Work instruction: Once you find the line with "Fireplace Experts Ottawa - IL" in the listing below, please repeat it and every later line exactly, through the last one, without pictures.

Data segment:
• • •
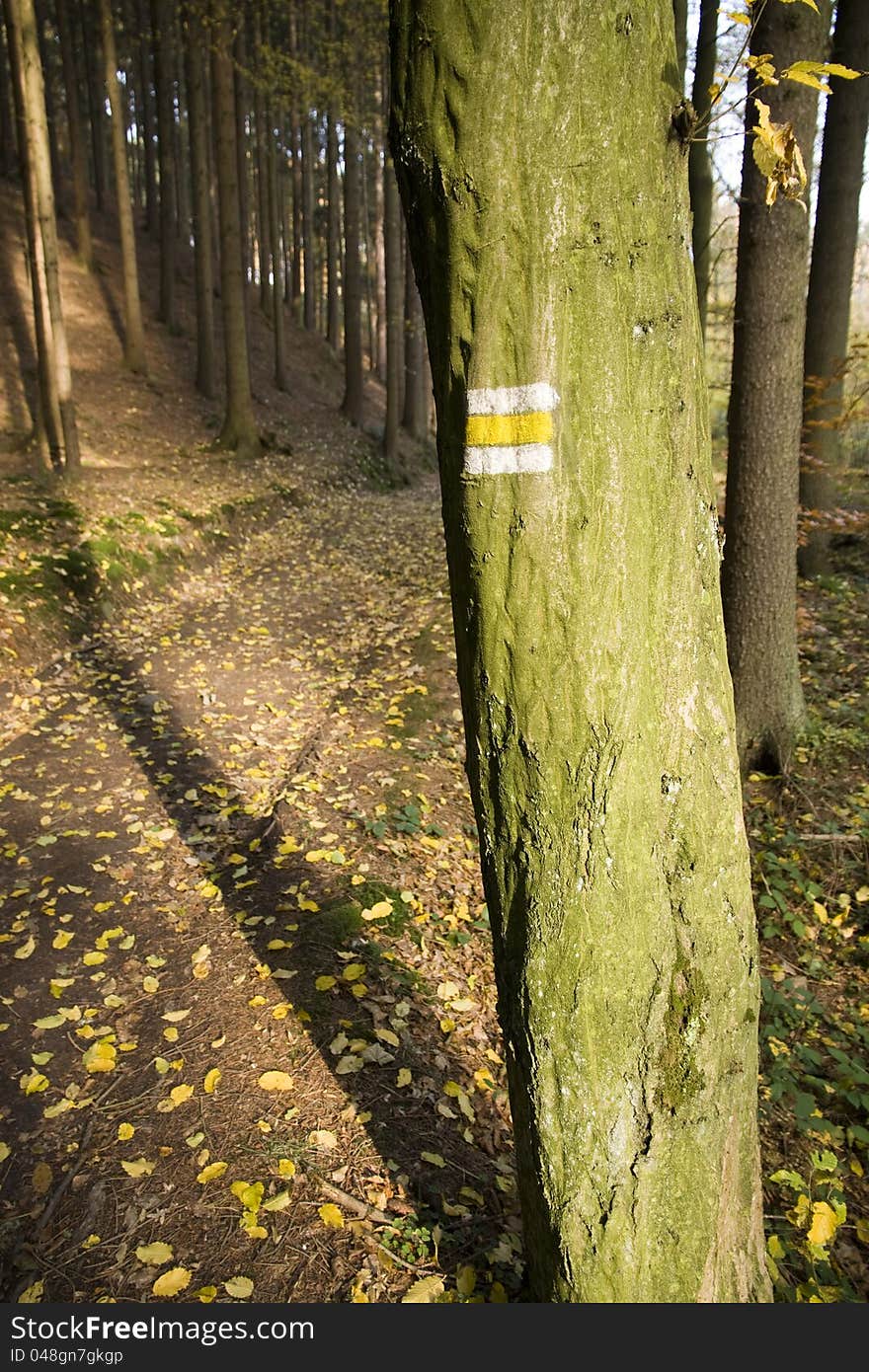 Tourist sign on a tree by the roadside, yellow fallen leaves on the road, fall in Czech forests, from the same time, the tree on a forest road, sunny autumn day in the woods. Tourist sign on a tree by the roadside, yellow fallen leaves on the road, fall in Czech forests, from the same time, the tree on a forest road, sunny autumn day in the woods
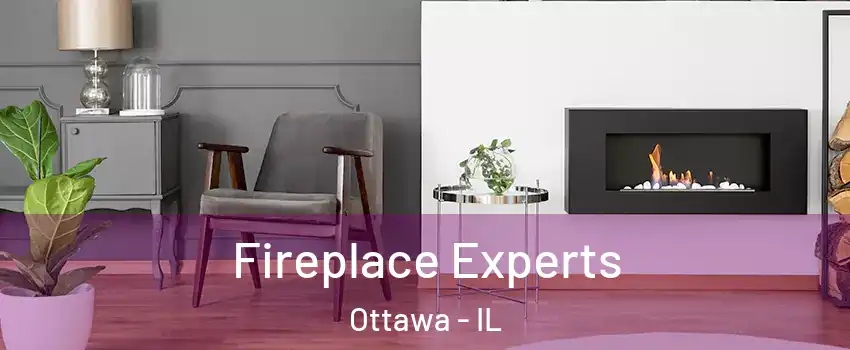  Fireplace Experts Ottawa - IL
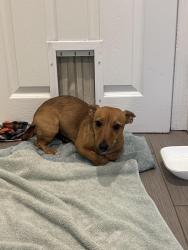 Found/Stray Female Dog last seen Train station, Claymont, DE 19703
• • •
Written response:
  Fireplace Experts Ottawa - IL
 Found/Stray Female Dog last seen Train station, Claymont, DE 19703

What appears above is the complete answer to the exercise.